▸ PROBLEM:
Below is a listing; transcribe it exactly but without any images.
◆ ◆ ◆
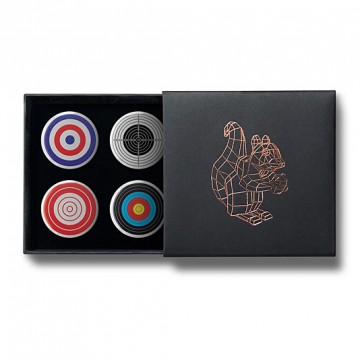 Gift Box: 4 button badges (Targets)
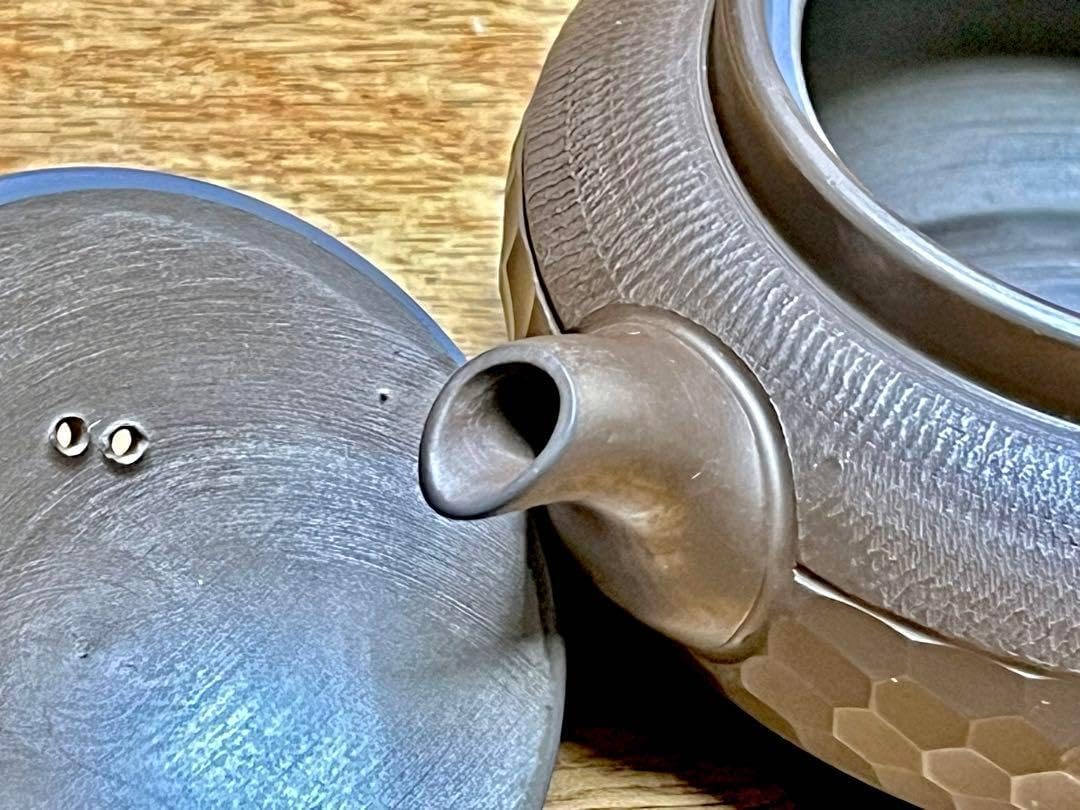 萬古焼 森 伊呂久 造 釣鐘形 横手 急須 共箱 / 万古焼 萬古焼 森 伊呂久 造 釣鐘形 横手 急須 共箱 / 万古焼 伊呂久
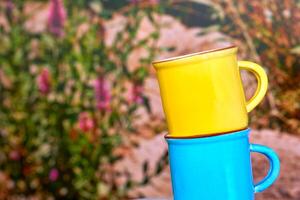 amarelo azul cerâmico copos, café chá bebidas, ervas remédio flores foto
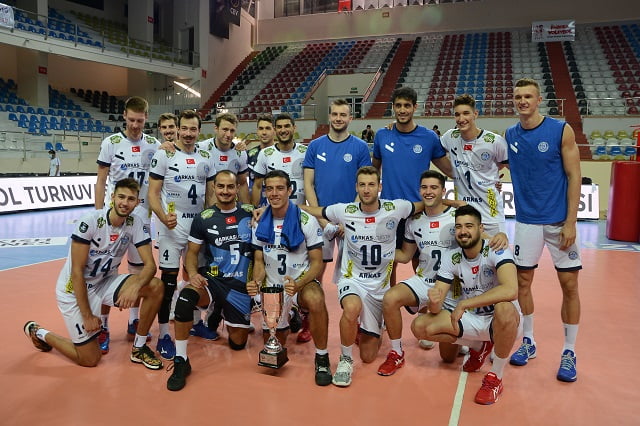 TSYD İzmir Kupasında şampiyon Arkas Spor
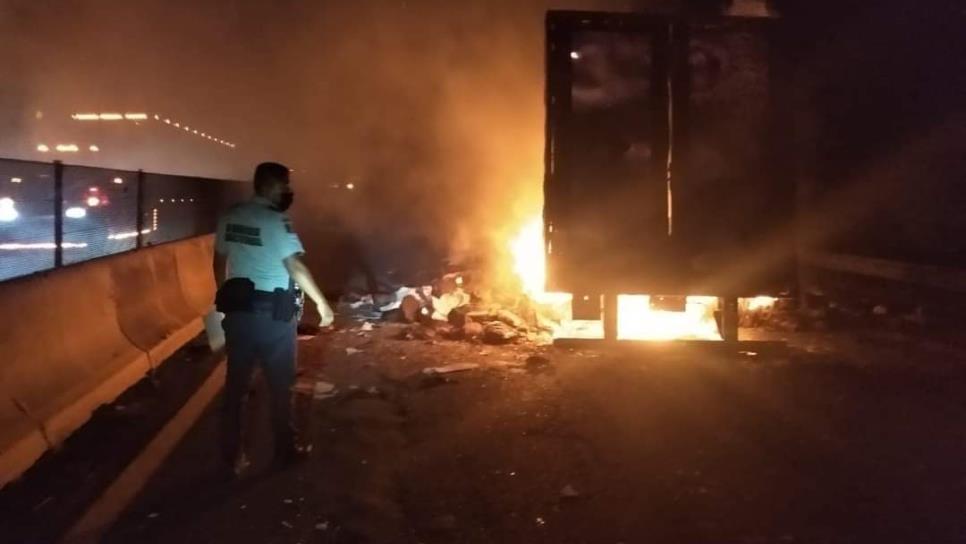 Rapiñan trailer cargado con carne que se incendió en la Mazatlán - Culiacán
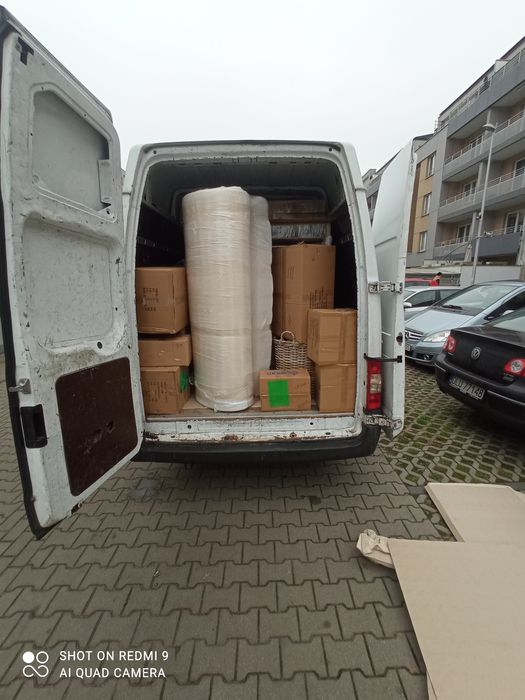 Przeprowadzki ,transport, utylizacja ,montaż mebli  transport od 80zll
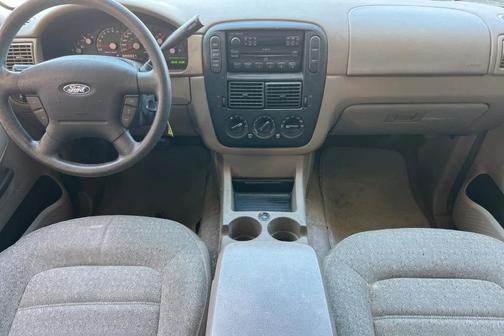 2005 Ford Explorer XLS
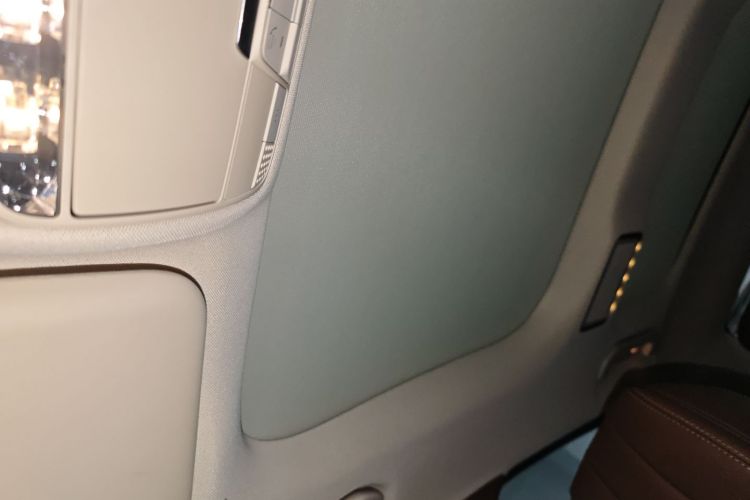 奔驰E级 2023款 E 260 L局部细节22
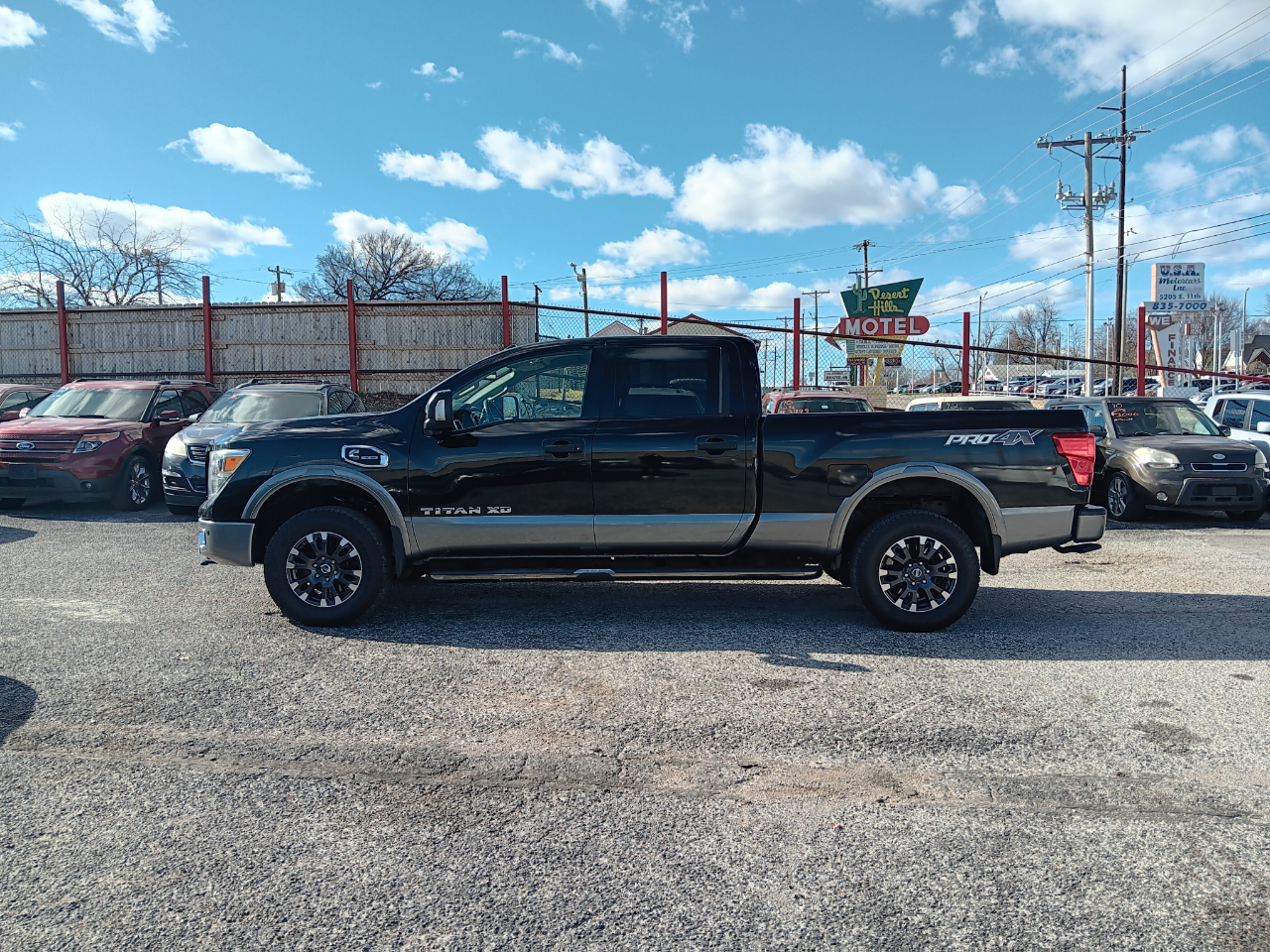 Nissan Titan XD  2017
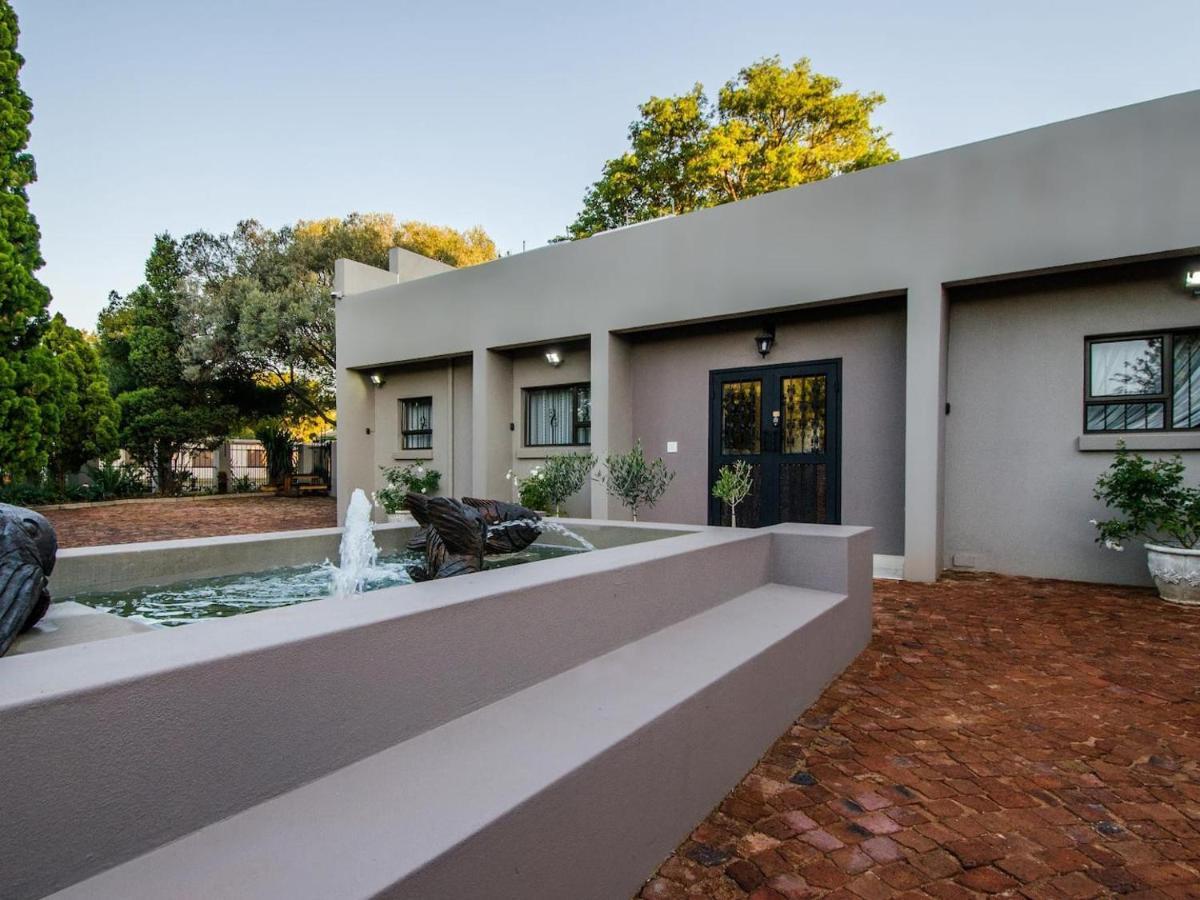 Three Olives Guesthouse Centurion Eksteriør bilde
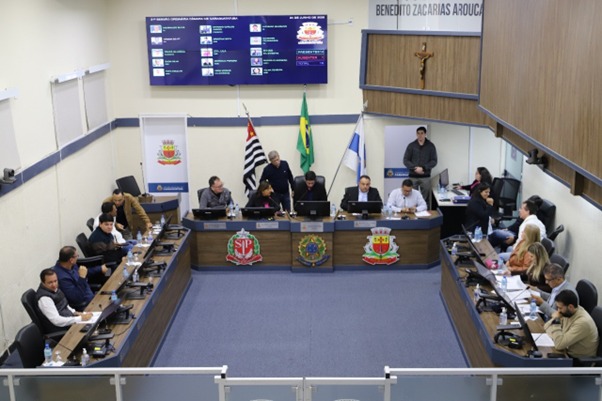 Vereadores de Caraguatatuba debatem projetos de inclusão e segurança pública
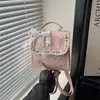 Mochila feminina de temperamento doce e fofo, estilo coreano, moderna e versátil, bolsa de ombro pequena elegante com renda de bolinhas para viagens e deslocamento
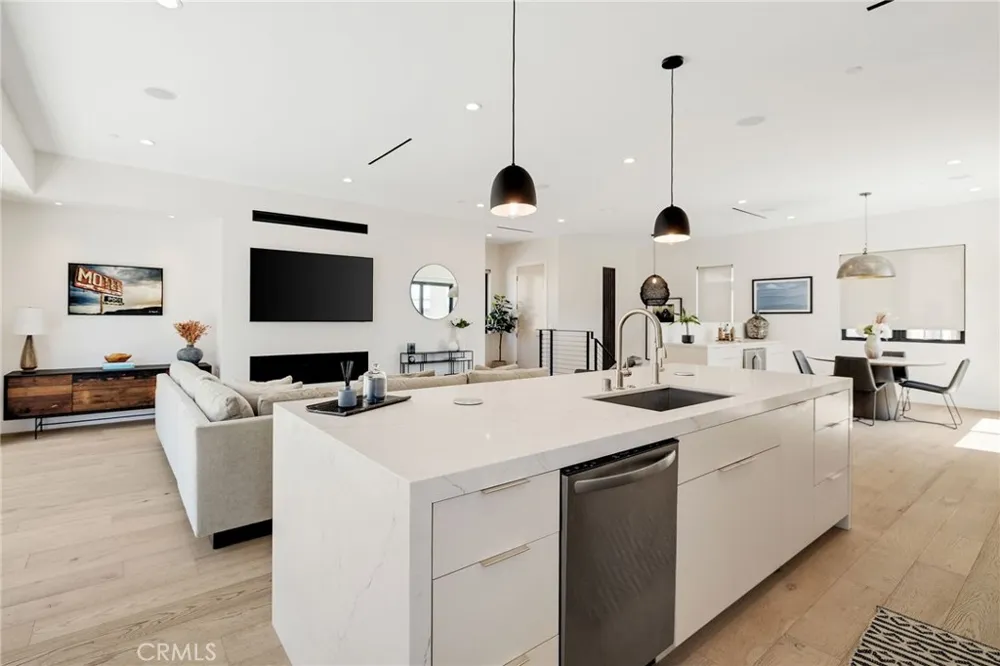 622 1st Place Hermosa Beach, CA 90254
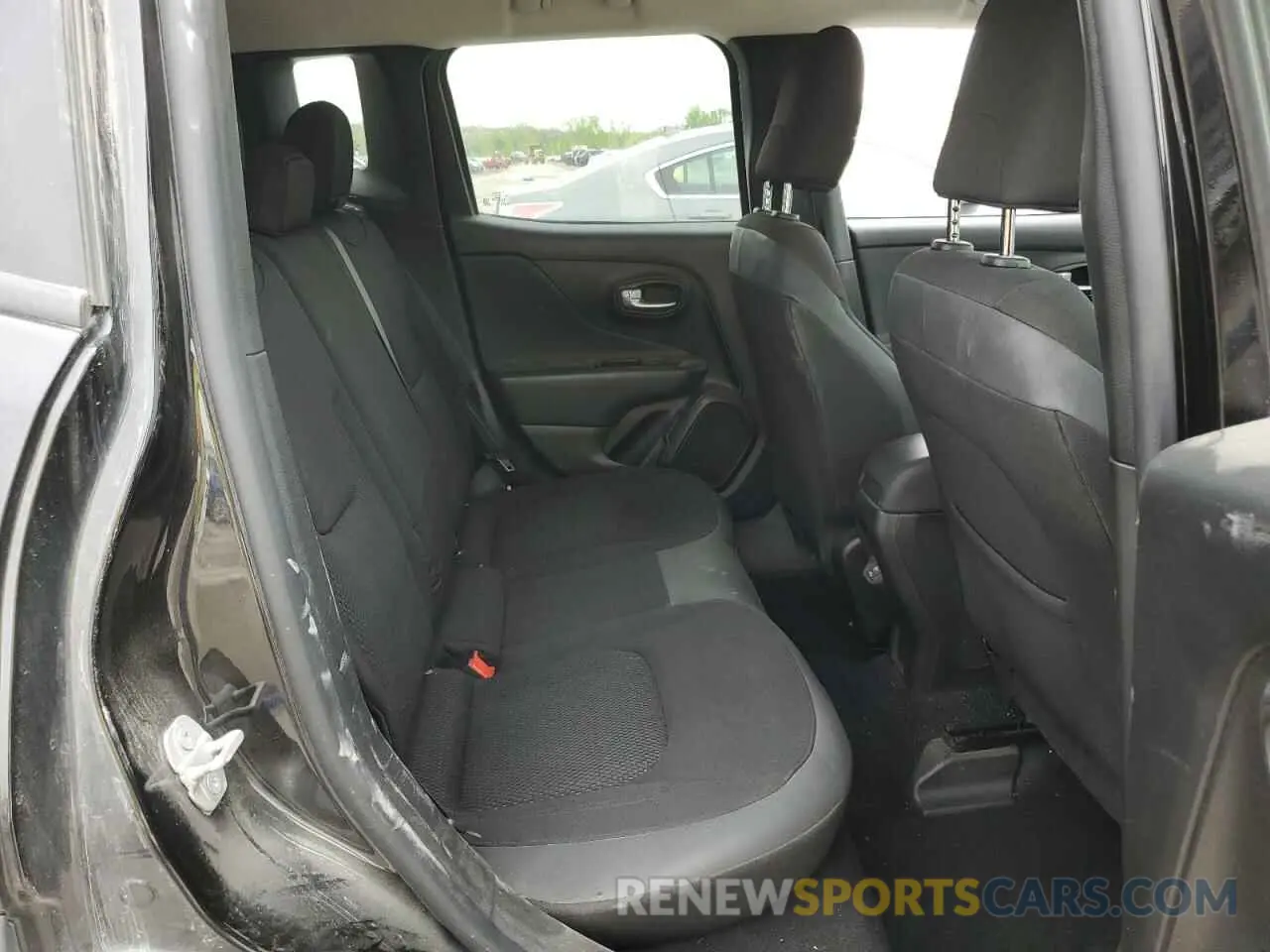 11 fotografías del automóvil dañado ZACNJBBB2LPL41716 JEEP RENEGADE 2020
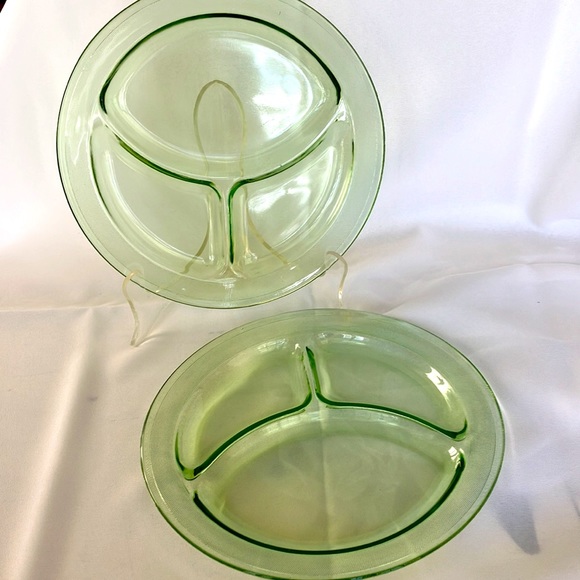 Vintage Depression Green Uranium Divided Plates, Set of 2 - Picture 5 of 6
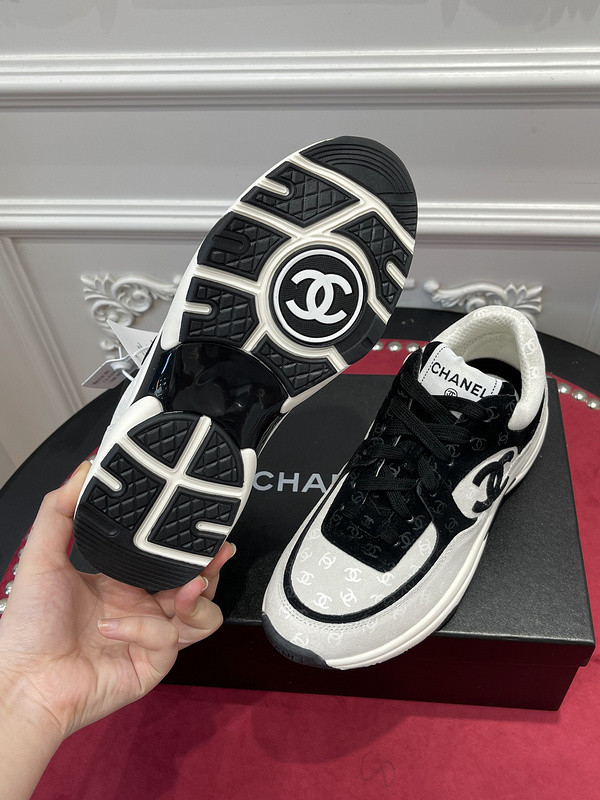 CHA_NEL SNEAKERS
◆ ◆ ◆
▸ RESULT FOR THIS TASK:
 Gift Box: 4 button badges (Targets)
 萬古焼 森 伊呂久 造 釣鐘形 横手 急須 共箱 / 万古焼 萬古焼 森 伊呂久 造 釣鐘形 横手 急須 共箱 / 万古焼 伊呂久
 amarelo azul cerâmico copos, café chá bebidas, ervas remédio flores foto
 TSYD İzmir Kupasında şampiyon Arkas Spor
 Rapiñan trailer cargado con carne que se incendió en la Mazatlán - Culiacán
 Przeprowadzki ,transport, utylizacja ,montaż mebli  transport od 80zll
 2005 Ford Explorer XLS
 奔驰E级 2023款 E 260 L局部细节22
 Nissan Titan XD  2017
 Three Olives Guesthouse Centurion Eksteriør bilde
 Vereadores de Caraguatatuba debatem projetos de inclusão e segurança pública
 Mochila feminina de temperamento doce e fofo, estilo coreano, moderna e versátil, bolsa de ombro pequena elegante com renda de bolinhas para viagens e deslocamento
 622 1st Place Hermosa Beach, CA 90254
 11 fotografías del automóvil dañado ZACNJBBB2LPL41716 JEEP RENEGADE 2020
 Vintage Depression Green Uranium Divided Plates, Set of 2 - Picture 5 of 6
 CHA_NEL SNEAKERS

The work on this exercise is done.